While it is not uncommon for phone manufacturers to include and generate revenue from preinstalling software, in this case the quality control was not adequate enough to spot that the Sound Recoder app that was installed was not the legitimate version.

As can be shown from the image above, the malicious version had extra code added to it compared to the legitimate version.

Malicious Sound Recorder and Legitimate Version Comparison
Malicious Sound Recorder and Legitimate Version Comparison

While the RAT was running, Sophos stated that it would transmit information to a remote server that includes:

  • The device’s phone number
  • Location information, including longitude, latitude, and a street address
  • IMEI identifier and Android ID
  • Screen resolution
  • Manufacturer, model, brand, OS version
  • CPU information
  • Network type
  • MAC address
  • RAM and ROM size
  • SD Card size
  • Language and country
  • Mobile phone service provider

The app also had the ability to perform backdoor functions such as 

  • Download and install apps
  • Uninstall apps
  • Execute shell commands
  • Open URL in browser (though this function appeared to be a work in progress in the sample we analyzed)

According to a report by Avast, this is not the first time low cost Android phones had malware preinstalled on them. In 2016, it was reported that numerous Android phones were shipping with malware, but even after this was reported to the manufacturers, nothing was done.

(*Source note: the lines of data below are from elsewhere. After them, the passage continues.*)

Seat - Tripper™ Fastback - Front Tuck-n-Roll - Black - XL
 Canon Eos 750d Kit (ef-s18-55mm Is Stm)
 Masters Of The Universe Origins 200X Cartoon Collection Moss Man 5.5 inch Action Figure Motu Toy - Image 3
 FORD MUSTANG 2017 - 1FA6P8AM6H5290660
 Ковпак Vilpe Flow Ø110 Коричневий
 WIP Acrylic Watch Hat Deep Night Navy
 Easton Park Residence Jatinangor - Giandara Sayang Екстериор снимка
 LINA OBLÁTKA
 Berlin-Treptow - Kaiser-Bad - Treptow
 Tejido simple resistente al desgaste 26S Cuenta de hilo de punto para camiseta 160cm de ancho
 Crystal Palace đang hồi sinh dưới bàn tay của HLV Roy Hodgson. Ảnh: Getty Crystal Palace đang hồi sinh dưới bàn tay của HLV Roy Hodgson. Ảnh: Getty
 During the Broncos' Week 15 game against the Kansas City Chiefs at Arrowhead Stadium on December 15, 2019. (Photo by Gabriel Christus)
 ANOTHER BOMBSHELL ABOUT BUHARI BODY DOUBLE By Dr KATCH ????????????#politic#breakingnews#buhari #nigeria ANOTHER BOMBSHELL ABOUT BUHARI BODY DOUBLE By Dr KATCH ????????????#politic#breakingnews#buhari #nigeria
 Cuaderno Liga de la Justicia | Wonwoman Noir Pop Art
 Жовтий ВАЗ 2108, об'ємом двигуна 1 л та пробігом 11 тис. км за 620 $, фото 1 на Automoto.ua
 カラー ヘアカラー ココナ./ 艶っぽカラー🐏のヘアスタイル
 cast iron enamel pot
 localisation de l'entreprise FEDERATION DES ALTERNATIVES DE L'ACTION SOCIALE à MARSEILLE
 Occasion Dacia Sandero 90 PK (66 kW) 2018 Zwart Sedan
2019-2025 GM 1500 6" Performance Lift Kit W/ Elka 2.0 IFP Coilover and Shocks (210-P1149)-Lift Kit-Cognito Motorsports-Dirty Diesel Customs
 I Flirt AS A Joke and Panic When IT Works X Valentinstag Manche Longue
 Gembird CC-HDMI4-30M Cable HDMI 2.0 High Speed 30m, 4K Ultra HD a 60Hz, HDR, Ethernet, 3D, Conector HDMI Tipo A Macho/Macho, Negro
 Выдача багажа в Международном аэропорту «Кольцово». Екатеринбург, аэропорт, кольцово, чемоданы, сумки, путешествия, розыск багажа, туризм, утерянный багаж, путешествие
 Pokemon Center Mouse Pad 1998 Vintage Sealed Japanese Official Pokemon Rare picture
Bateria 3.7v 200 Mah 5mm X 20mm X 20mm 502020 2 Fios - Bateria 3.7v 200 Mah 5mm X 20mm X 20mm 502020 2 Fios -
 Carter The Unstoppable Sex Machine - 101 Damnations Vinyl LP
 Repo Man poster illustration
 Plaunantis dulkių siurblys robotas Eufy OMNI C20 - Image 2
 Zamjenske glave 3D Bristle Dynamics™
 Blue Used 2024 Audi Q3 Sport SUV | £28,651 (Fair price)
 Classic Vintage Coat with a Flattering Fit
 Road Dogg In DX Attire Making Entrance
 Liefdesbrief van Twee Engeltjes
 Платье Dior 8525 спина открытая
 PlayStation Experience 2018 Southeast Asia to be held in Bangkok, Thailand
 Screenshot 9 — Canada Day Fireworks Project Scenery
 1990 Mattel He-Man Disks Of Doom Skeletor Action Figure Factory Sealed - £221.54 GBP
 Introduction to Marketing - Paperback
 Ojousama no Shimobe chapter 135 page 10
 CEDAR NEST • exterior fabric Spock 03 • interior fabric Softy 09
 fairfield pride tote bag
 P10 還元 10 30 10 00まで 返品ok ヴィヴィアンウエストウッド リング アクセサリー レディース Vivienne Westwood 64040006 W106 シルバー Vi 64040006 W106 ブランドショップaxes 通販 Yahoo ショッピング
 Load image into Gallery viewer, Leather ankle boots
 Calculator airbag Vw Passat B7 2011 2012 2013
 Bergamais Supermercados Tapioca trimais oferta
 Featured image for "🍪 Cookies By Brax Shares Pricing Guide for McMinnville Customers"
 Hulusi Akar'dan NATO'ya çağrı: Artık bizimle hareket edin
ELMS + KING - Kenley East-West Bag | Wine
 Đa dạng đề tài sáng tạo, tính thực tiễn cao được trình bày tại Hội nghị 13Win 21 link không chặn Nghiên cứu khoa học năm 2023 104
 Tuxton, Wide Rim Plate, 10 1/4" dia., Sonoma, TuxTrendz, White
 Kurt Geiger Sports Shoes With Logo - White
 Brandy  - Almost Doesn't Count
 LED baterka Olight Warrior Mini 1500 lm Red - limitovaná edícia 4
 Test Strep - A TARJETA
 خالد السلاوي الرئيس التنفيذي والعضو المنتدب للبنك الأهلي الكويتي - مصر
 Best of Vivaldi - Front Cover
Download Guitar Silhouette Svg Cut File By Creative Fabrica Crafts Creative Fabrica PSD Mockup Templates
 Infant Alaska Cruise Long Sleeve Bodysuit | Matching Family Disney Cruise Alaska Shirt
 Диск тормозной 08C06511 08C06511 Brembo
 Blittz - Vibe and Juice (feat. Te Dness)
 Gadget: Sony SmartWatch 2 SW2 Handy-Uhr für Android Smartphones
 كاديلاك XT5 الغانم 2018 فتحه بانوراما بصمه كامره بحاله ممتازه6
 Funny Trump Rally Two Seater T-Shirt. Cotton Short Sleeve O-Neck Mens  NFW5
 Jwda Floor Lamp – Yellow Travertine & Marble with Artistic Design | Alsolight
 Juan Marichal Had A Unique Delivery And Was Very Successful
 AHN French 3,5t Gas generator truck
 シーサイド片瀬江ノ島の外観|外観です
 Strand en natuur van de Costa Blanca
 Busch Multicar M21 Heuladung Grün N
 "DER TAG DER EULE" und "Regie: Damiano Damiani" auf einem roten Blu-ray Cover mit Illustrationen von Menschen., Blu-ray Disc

Similarly, Sophos has tried to contact MediaTek, the CPU and firmware manufacturer for the phone, but never heard back.

"We’ve spent the past several weeks trying to reach the company to alert them to these issues, but haven’t recieved a response despite using multiple methods, repeatedly, to try to contact them."

While this does not mean that people shouldn't buy inexpensive phones, it does mean that buyers need to do more research and know what you are getting into.